The Portland Press Herald’s Natural Foodie column previewed the 27th annual Camden Conference that will run Feb. 21–23. The theme of this year’s conference and accompanying course offered by the University of Maine’s Division of Lifelong Learning is “The Global Politics of Food and Water.” The conference and course aim to explore water and food security topics from many perspectives around the world as they relate to human life, global climate change and relationships between countries.
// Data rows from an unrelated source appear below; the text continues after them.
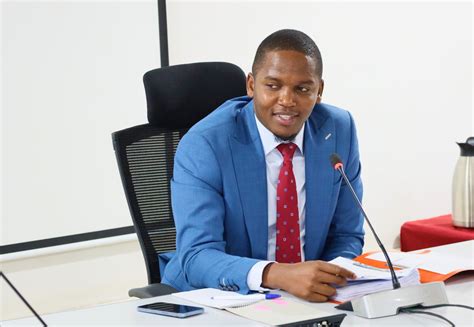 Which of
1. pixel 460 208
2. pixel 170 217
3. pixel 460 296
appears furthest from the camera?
pixel 460 208

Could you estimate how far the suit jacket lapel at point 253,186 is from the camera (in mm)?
1879

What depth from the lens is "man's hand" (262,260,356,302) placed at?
1580 millimetres

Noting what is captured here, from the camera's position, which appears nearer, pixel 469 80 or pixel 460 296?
pixel 460 296

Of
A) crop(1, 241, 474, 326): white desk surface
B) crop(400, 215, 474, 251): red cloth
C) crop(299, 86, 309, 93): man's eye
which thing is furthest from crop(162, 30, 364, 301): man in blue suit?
crop(400, 215, 474, 251): red cloth

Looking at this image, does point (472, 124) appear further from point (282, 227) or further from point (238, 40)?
point (282, 227)

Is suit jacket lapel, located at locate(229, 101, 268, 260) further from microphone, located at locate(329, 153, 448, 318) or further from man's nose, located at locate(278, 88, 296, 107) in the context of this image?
microphone, located at locate(329, 153, 448, 318)

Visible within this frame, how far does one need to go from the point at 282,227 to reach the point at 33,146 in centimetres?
144

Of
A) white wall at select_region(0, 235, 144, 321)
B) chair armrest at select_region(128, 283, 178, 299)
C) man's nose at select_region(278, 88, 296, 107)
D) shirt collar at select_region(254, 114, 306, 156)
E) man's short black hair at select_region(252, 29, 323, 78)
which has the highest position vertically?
man's short black hair at select_region(252, 29, 323, 78)

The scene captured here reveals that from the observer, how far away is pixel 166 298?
167cm

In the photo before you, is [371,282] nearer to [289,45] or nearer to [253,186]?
[253,186]

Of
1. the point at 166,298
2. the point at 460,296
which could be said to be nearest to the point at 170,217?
the point at 166,298

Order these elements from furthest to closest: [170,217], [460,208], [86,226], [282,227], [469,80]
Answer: [469,80]
[86,226]
[460,208]
[170,217]
[282,227]

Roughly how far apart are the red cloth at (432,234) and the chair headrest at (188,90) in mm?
1139

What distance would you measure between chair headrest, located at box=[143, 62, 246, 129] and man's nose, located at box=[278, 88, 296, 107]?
1.29 ft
WABI (Channel 5) spoke with University of Maine students and faculty for a two-part report on the University of Maine System’s Native American Tuition Waiver and Educational Program. UMaine students Katrina Coston, Tori Hildreth and Catherine Chavaree spoke about their experiences growing up and the importance of the program. UMaine faculty Sharon Oliver, senior director of admissions; John Bear Mitchell, a Wabanaki studies lecturer and associate director of UMaine’s Wabanaki Center; and Darren Ranco, chair of Native American programs also spoke about the program’s benefits and ongoing efforts to spread the word. Ranco said both recruitment and retention of Native American students are works in progress.
Spencer Meyer, associate scientist for forest stewardship at the Center for Research on Sustainable Forests at the University of Maine, and Rob Lilieholm, an associate professor of forest policy in the School of Forest Resources at UMaine were interviewed for a Portland Press Herald article about how two Maine groups are being paid to manage their forests for carbon dioxide reduction that will offset pollution by industry. Meyer said the arrangements are “offsetting a global process” and are “laying the groundwork for others down the road.” Lilieholm said although the forest carbon offset projects are just beginning in Maine, the state could eventually find them financially attractive. He estimates widespread use of trees-for-carbon-dioxide compensation is probably five to 10 years off.
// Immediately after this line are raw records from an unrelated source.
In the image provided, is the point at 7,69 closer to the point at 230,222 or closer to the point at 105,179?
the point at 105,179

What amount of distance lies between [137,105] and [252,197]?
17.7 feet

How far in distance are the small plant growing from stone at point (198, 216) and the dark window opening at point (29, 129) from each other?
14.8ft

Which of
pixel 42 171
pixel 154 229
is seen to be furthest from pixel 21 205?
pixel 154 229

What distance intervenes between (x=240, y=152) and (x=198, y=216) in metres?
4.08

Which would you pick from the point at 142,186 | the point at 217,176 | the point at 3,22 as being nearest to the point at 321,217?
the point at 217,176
Jake Ward, University of Maine’s vice president for innovation and economic development, was mentioned in a Free Press article on the recent findings of an independent analysis on economic development investments in the state. The reports were compiled by Investment Consulting Associates (ICA) and include recommendations to improve the evaluation process and information on which programs provide a good return on investment. Ward was part of a steering committee of people from private and public sectors in Maine that worked with ICA on the project.
WVII (Channel 7) reported on the third Big Gig pitch-off and networking event held at Husson University’s Richard E. Dyke Center for Family Business in Bangor. The Big Gig is a network for innovators and entrepreneurs in the Orono, Old Town and Bangor areas that was started by a partnership between the University of Maine, Old Town, Orono and Husson University and is supported by Blackstone Accelerates Growth. Three participants were preselected to deliver a three-minute elevator pitch about their business idea to a panel of judges and attendees. The winner moves on to complete for the $1,000 grand prize in the Big Gig finale in April.